Root Cause Analysis:
- Warm pool was initialized once and pushed a single slab after each refill
- When that slab was exhausted, it was discarded (not pushed back)
- Next refill would push another single slab, which was immediately exhausted
- Pool would oscillate between 0 and 1 items, yielding 0% hit rate

Solution: Secondary Prefill on Cache Miss
When warm pool becomes empty, we now do multiple superslab_refills and prefill
the pool with 3 additional HOT superlslabs before attempting to carve.

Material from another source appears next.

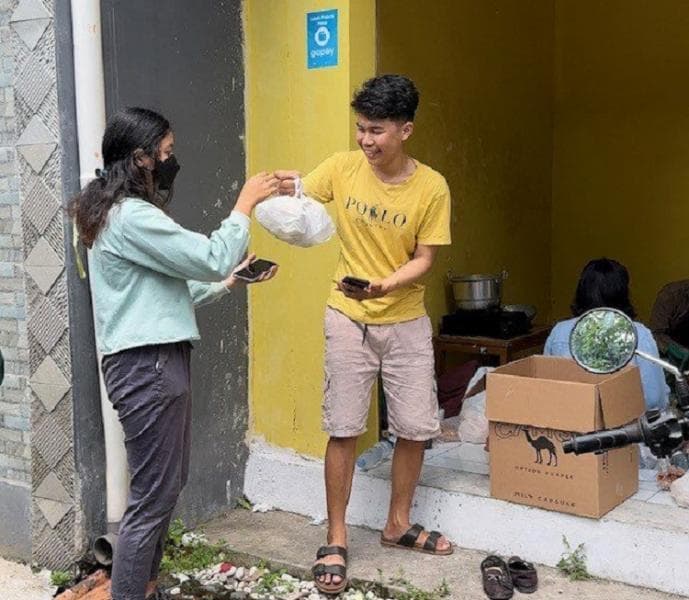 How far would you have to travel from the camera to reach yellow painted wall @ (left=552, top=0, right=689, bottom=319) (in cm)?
691

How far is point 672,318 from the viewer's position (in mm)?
5766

This
builds a working set of slabs that can sustain allocation pressure.

Implementation Details:
- Modified unified_cache_refill() cold path to detect empty pool
- Added prefill loop: when pool count == 0, load 3 extra superlslabs
- Store extra slabs in warm pool, keep 1 in TLS for immediate carving
- Track prefill events in g_warm_pool_stats[].prefilled counter

Results (1M Random Mixed 256B allocations):
- Before: C7 hits=1, misses=3976, hit_rate=0.0%
- After:  C7 hits=3929, misses=3143, hit_rate=55.6%
- Throughput: 4.055M ops/s (maintained vs 4.07M baseline)
- Stability: Consistent 55.6% hit rate at 5M allocations (4.102M ops/s)

Performance Impact:
- No regression: throughput remained stable at ~4.1M ops/s
- Registry scan avoided in 55.6% of cache misses (significant savings)
- Warm pool now functioning as intended with strong locality

Configuration:
- TINY_WARM_POOL_MAX_PER_CLASS increased from 4 to 16 to support prefill
- Prefill budget hardcoded to 3 (tunable via env var if needed later)
- All statistics always compiled, ENV-gated printing via HAKMEM_WARM_POOL_STATS=1

Next Steps:
- Monitor for further optimization opportunities (prefill budget tuning)
- Consider adaptive prefill budget based on class-specific hit rates
- Validate at larger allocation counts (10M+ pending registry size fix)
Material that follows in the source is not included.